Accounting experts are beginning to discuss whether companies might change their leasing strategy when new accounting standards take effect requiring leases to be reflected on corporate balance sheets.

An association of accountants in Australia is pondering whether companies will look to structure lease arrangements to take advantage of exceptions from balance sheet recognition under International Financial Reporting Standards. Short-term leases and low-value leases are both excluded from the scope of the new lease accounting standard under IFRS, wrote Alex Malley, chief executive of CPA Australia.

“It is suggested that companies may seek to structure their lease arrangements to take advantage of these exemptions,” wrote Malley. He’s not advocating that approach, and he also cautioned the standard has “a number of in-built mechanisms” that are meant to make it difficult to work around them so as to avoid balance-sheet recognition for agreements that are, in substance, leases.

A sharp drop in equipment leasing activity in the United States from July to August has nothing to do with the pending lease accounting standard for companies that report under U.S. GAAP. That’s the view of Ralph Petta, president and CEO of the Equipment Leasing and Finance Association.

ELFA data says new business volume for the as measured by the association’s lease and finance index fell 17 percent in July from the same month a year earlier. Volume dropped 30 percent from the month before, and 8 percent in year-to-date tallies, the ELFA reports.

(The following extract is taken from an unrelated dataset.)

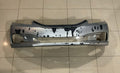 Front Bumper Cover Silver 2013-2015 Honda Civic EX EX-L LX Si Sedan CAPA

Petta calls it a “rollercoaster ride” that has characterized the equipment finance sector in 2016. Positive economic indicators, like a recent strong jobs report, lower unemployment, and a bullish equities market, are being offset by sluggish overall growth in the U.S. economy and stagnant capital expenditure spending by both large and small companies.

The Financial Accounting Standards Board is requiring all companies to bring virtually all leased assets and related liabilities on to corporate balance sheets beginning in 2019. The key exception is for leases that are less than 12 months in duration. While FASB and the International Accounting Standards Board issued requirements that are aligned in some areas, they differ in terms of how companies will reflect the effect of leasing in their income statements.

Petta says he expects little, if any, impact on the amount of equipment lease and finance volume as a result of the new accounting. Ultimately, FASB elected to keep the current two-lease classification model similar to today’s operating and capital leases, preserving the “critical components” of current lease accounting, he says. “The many benefits of utilizing lease financing as an equipment acquisition tool—flexibility, preservation of capital, efficient tax and risk management—all remain with adoption of the new rules in two years.”

Accounting firms are rolling out plenty of new materials to help companies prepare to adopt the new standard, including a comprehensive new guide from PwC.